Pembaruan Industri Distribusi Listrik Indonesia 2026

Rencana Sepuluh Tahun PLN Indonesia Tahun 2026 Terlaksana Secara Menyeluruh, Skala Jaringan Distribusi Listrik Meningkat Pesat

2026-07-01 · Pembaruan Industri Distribusi Listrik Indonesia 2026

Rencana Sepuluh Tahun PLN Indonesia Tahun 2026 Terlaksana Secara Menyeluruh, Skala Jaringan Distribusi Listrik Meningkat Pesat

Tahun 2026 merupakan tahun pertama pelaksanaan penuh Rencana Bisnis Penyediaan Listrik 2025–2034 milik Perusahaan Listrik Negara (PLN) Indonesia. Seluruh rencana pengembangan kelistrikan sepuluh tahun memasuki tahap pelaksanaan berskala luas, penambahan kapasitas jaringan distribusi listrik dan peningkatan sistem pintar menjadi tugas pembangunan utama tahun ini, yang merombak struktur tata letak jaringan distribusi listrik di seluruh Indonesia secara fundamental.

Rencana ini disusun berdasarkan kebutuhan pertumbuhan ekonomi dan transformasi energi Indonesia dalam sepuluh tahun ke depan, menetapkan target pengembangan terukur terkait kapasitas pembangkit listrik, pembangunan jaringan kelistrikan serta peningkatan distribusi listrik, memberikan panduan kebijakan dan konstruksi yang jelas bagi pertumbuhan industri.

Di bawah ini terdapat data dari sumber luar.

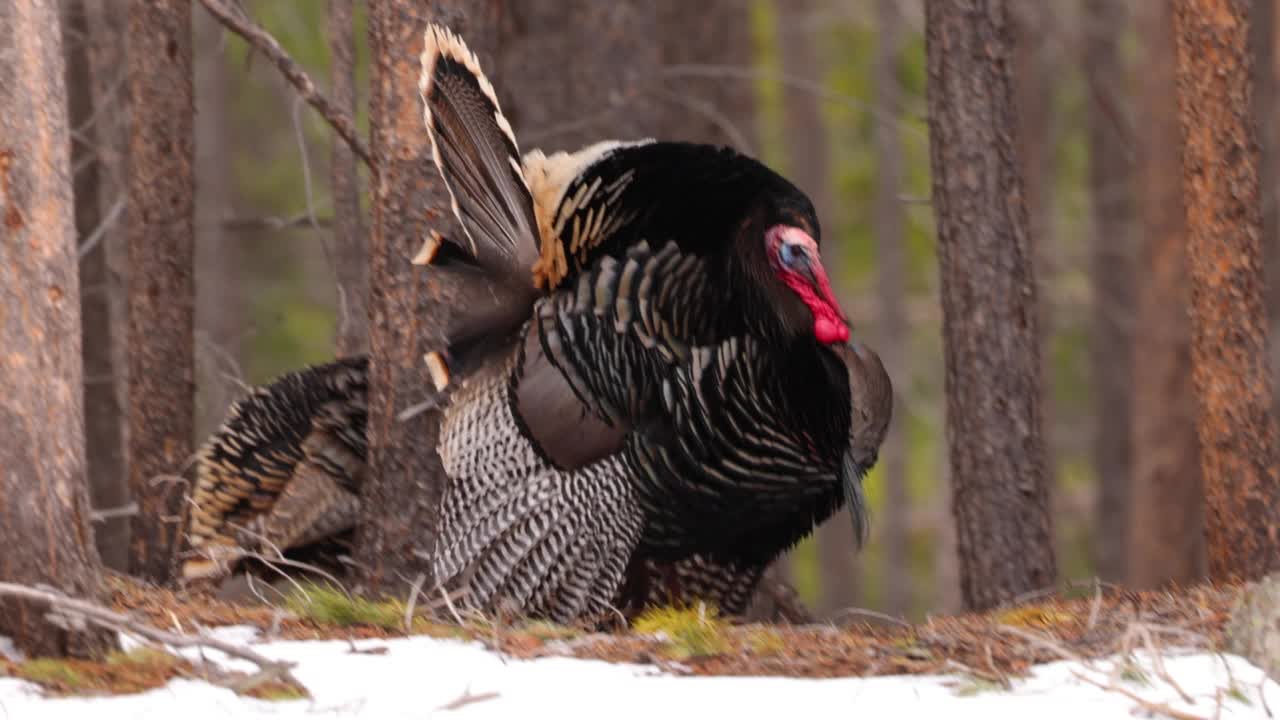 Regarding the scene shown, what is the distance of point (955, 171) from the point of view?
18.9 ft

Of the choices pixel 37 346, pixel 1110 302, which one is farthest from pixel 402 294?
pixel 1110 302

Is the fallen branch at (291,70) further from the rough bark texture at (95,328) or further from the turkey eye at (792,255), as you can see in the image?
the rough bark texture at (95,328)

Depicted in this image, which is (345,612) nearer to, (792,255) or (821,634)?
(821,634)

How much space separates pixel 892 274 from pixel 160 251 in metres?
10.2

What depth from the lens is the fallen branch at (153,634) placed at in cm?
359

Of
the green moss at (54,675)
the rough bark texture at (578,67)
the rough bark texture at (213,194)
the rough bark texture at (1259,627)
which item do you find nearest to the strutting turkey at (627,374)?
the rough bark texture at (1259,627)

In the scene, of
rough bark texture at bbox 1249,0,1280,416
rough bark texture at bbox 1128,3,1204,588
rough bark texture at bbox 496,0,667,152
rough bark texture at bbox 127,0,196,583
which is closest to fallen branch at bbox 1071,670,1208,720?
rough bark texture at bbox 127,0,196,583

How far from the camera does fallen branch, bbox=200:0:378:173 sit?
17.9 ft

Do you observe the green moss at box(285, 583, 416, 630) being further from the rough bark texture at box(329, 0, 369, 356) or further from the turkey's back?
the rough bark texture at box(329, 0, 369, 356)

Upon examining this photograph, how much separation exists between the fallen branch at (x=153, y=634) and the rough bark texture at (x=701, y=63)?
558 cm

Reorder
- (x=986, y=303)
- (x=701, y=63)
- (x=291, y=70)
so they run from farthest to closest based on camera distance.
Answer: (x=701, y=63) → (x=986, y=303) → (x=291, y=70)

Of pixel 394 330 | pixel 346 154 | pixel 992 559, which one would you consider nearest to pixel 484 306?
pixel 394 330

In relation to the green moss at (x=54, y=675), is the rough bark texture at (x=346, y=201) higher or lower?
higher

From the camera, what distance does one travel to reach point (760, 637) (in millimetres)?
4379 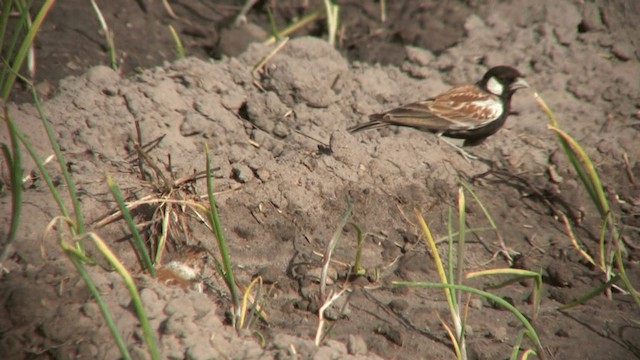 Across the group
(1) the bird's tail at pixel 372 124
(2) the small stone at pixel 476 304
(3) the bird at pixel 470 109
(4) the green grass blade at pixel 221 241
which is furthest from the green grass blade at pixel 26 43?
(2) the small stone at pixel 476 304

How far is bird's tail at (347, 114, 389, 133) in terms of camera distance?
15.3 ft

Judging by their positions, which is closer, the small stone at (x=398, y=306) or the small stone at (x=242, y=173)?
the small stone at (x=398, y=306)

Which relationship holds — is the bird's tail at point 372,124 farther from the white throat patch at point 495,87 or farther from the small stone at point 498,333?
the small stone at point 498,333

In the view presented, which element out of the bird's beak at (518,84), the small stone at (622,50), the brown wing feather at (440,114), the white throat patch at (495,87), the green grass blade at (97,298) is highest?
the small stone at (622,50)

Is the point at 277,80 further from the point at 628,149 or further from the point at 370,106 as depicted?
the point at 628,149

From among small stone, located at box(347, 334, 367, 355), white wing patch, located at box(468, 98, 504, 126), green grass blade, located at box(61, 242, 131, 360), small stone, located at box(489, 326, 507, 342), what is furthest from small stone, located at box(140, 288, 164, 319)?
white wing patch, located at box(468, 98, 504, 126)

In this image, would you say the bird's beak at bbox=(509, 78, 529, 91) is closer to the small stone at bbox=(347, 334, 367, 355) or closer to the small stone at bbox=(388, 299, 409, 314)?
the small stone at bbox=(388, 299, 409, 314)

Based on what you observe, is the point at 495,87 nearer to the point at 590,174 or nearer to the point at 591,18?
the point at 591,18

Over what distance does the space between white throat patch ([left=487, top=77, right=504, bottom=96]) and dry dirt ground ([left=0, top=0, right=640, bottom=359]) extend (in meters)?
0.33

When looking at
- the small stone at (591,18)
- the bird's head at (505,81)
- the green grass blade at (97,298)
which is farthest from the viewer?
the small stone at (591,18)

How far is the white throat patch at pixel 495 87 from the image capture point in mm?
4953

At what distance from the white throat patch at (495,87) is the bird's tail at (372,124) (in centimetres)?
89

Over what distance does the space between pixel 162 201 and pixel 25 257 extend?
27.3 inches

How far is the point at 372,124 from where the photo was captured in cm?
468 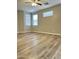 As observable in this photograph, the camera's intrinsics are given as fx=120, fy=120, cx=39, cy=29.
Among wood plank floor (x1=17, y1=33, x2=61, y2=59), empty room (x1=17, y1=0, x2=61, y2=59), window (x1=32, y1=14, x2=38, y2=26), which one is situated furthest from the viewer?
window (x1=32, y1=14, x2=38, y2=26)

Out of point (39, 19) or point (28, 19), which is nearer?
point (39, 19)

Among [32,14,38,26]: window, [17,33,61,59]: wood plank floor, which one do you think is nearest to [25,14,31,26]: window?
[32,14,38,26]: window

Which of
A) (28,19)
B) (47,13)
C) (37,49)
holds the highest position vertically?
(47,13)

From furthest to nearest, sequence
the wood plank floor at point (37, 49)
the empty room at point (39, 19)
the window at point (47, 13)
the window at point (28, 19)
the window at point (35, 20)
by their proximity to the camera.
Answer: the window at point (28, 19)
the window at point (35, 20)
the window at point (47, 13)
the empty room at point (39, 19)
the wood plank floor at point (37, 49)

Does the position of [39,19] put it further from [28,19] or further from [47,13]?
[47,13]

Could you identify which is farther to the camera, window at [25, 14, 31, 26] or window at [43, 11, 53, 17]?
window at [25, 14, 31, 26]

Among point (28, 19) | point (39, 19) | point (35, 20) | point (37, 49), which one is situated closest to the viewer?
point (37, 49)

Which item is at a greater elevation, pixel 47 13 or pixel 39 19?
pixel 47 13

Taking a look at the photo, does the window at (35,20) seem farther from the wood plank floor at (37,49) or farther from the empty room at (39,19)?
the wood plank floor at (37,49)

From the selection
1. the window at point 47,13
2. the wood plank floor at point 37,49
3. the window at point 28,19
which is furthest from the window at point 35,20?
the wood plank floor at point 37,49

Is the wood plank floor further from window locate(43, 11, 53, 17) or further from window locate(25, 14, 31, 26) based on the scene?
window locate(25, 14, 31, 26)

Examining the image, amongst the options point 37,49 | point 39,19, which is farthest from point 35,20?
point 37,49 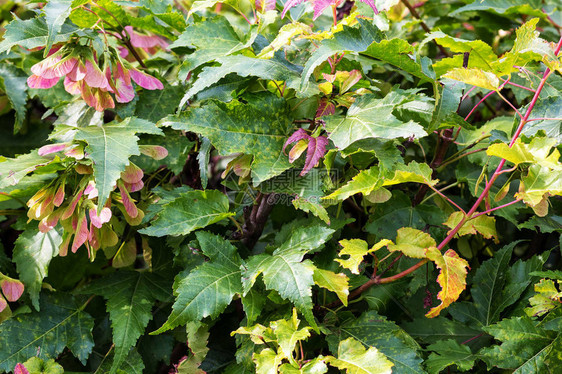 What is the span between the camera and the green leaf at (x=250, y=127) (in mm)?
880

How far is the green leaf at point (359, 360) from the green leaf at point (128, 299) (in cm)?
37

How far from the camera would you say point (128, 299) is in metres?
1.02

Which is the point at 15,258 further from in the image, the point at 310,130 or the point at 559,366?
the point at 559,366

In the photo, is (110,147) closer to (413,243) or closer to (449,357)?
(413,243)

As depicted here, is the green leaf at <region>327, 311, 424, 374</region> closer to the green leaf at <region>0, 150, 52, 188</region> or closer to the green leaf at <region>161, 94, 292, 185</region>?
the green leaf at <region>161, 94, 292, 185</region>

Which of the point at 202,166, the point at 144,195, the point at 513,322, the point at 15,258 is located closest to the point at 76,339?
the point at 15,258

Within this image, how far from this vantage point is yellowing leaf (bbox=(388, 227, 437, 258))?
33.0 inches

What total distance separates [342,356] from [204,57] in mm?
587

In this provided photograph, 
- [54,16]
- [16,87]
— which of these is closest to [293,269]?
[54,16]

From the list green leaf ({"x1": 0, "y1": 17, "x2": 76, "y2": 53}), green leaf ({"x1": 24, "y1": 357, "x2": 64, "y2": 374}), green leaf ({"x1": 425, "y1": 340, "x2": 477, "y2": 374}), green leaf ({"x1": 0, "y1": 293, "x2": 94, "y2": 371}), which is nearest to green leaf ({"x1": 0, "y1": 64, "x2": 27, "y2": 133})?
green leaf ({"x1": 0, "y1": 17, "x2": 76, "y2": 53})

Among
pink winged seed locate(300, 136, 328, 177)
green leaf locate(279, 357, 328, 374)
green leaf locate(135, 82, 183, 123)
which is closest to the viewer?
green leaf locate(279, 357, 328, 374)

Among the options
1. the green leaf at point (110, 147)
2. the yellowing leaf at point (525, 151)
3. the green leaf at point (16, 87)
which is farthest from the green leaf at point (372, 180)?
the green leaf at point (16, 87)

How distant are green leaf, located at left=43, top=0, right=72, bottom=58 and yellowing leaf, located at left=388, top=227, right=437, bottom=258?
67 centimetres

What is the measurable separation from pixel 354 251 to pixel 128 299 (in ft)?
1.51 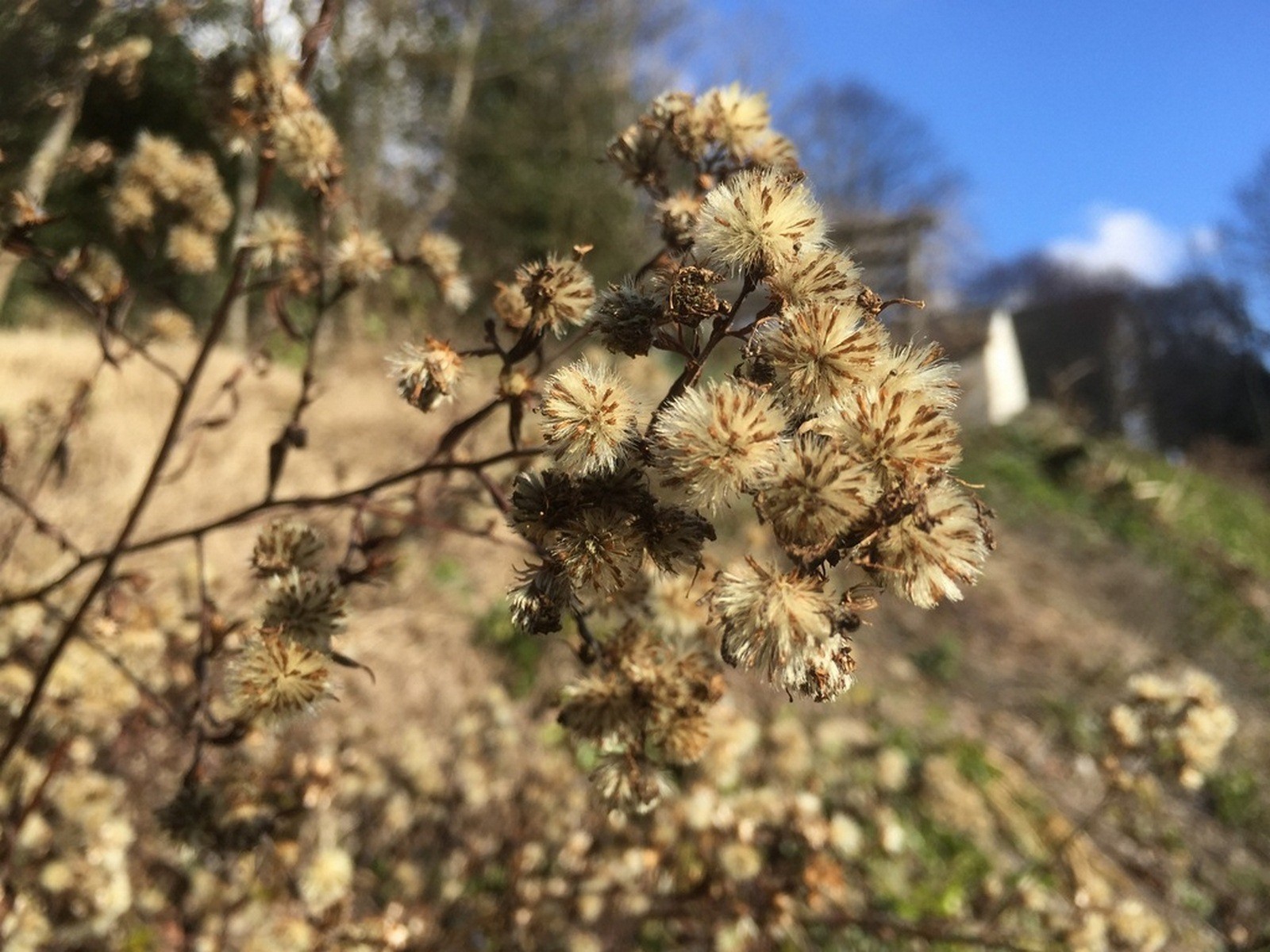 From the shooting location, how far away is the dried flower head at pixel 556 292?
1.13 meters

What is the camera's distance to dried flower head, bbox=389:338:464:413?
115 centimetres

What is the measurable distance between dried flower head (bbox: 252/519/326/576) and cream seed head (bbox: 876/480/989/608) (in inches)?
34.1

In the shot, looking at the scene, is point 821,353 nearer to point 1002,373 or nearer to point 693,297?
point 693,297

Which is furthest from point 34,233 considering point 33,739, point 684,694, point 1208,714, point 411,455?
point 411,455

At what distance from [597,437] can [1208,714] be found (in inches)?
95.5

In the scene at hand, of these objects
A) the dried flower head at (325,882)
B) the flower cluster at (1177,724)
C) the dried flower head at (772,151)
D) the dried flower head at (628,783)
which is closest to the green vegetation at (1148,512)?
the flower cluster at (1177,724)

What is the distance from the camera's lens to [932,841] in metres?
3.67

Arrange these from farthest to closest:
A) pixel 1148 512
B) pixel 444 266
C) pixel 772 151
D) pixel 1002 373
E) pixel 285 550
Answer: pixel 1002 373, pixel 1148 512, pixel 444 266, pixel 772 151, pixel 285 550

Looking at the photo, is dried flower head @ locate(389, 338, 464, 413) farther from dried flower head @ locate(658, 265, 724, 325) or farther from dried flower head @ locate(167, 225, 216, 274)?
dried flower head @ locate(167, 225, 216, 274)

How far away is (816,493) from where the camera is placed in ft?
2.74

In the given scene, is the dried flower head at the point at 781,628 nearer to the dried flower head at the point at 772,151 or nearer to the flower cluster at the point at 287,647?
the flower cluster at the point at 287,647

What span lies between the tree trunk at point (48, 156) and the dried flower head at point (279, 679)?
1052 millimetres

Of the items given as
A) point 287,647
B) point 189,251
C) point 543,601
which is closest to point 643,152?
point 543,601

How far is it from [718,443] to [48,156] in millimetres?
4117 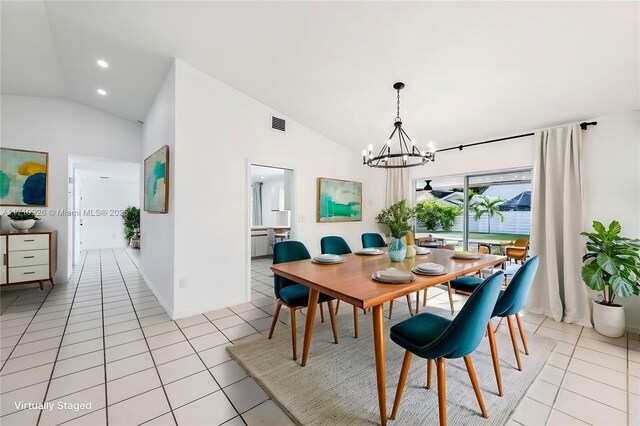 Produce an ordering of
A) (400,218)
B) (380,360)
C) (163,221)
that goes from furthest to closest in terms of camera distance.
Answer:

Berdasarkan isi rencana, hingga tahun 2034 Indonesia akan menambah kapasitas pembangkit listrik sebesar 69,5 GW secara nasional, di mana 76% kapasitas pembangkit berasal dari energi terbarukan seperti tenaga surya, tenaga angin, tenaga air serta sistem penyimpanan energi pendukung, sedangkan proporsi pembangkit energi fosil konvensional terus dikurangi. Untuk menyesuaikan kebutuhan sinkronisasi energi terbarukan skala besar, PLN fokus mendorong pembangunan infrastruktur distribusi listrik sepanjang tahun 2026, merencanakan pembangunan baru jaringan distribusi tegangan tinggi dan rendah dengan total panjang 198 ribu kilometer, sekaligus membangun banyak gardu induk perkotaan dan pedesaan, gardu penaik tegangan serta peralatan pendukung sinkronisasi guna melengkapi kekurangan fasilitas distribusi listrik di daerah terpencil.

Selain itu, Indonesia menunjuk 5 provinsi prioritas sebagai wilayah percontohan distribusi listrik pintar, memasang terminal otomatis distribusi, meter pintar dan sistem pemantauan penjadwalan jaringan secara menyeluruh untuk menciptakan model jaringan distribusi listrik berbasis digital dan pintar. Pembangunan terpusat tahun 2026 secara efektif mengatasi permasalahan jaringan distribusi lama Indonesia seperti jalur sudah tua, kapasitas tidak mencukupi serta kemampuan penyerapan energi terbarukan yang lemah, meningkatkan stabilitas dan kompatibilitas pasokan listrik jaringan secara signifikan. Hal ini juga menghadirkan peluang proyek melimpah bagi perusahaan peralatan distribusi listrik dan penyedia layanan konstruksi dari dalam dan luar negeri, terus menggerakkan pasar distribusi listrik Indonesia bernilai triliunan rupiah.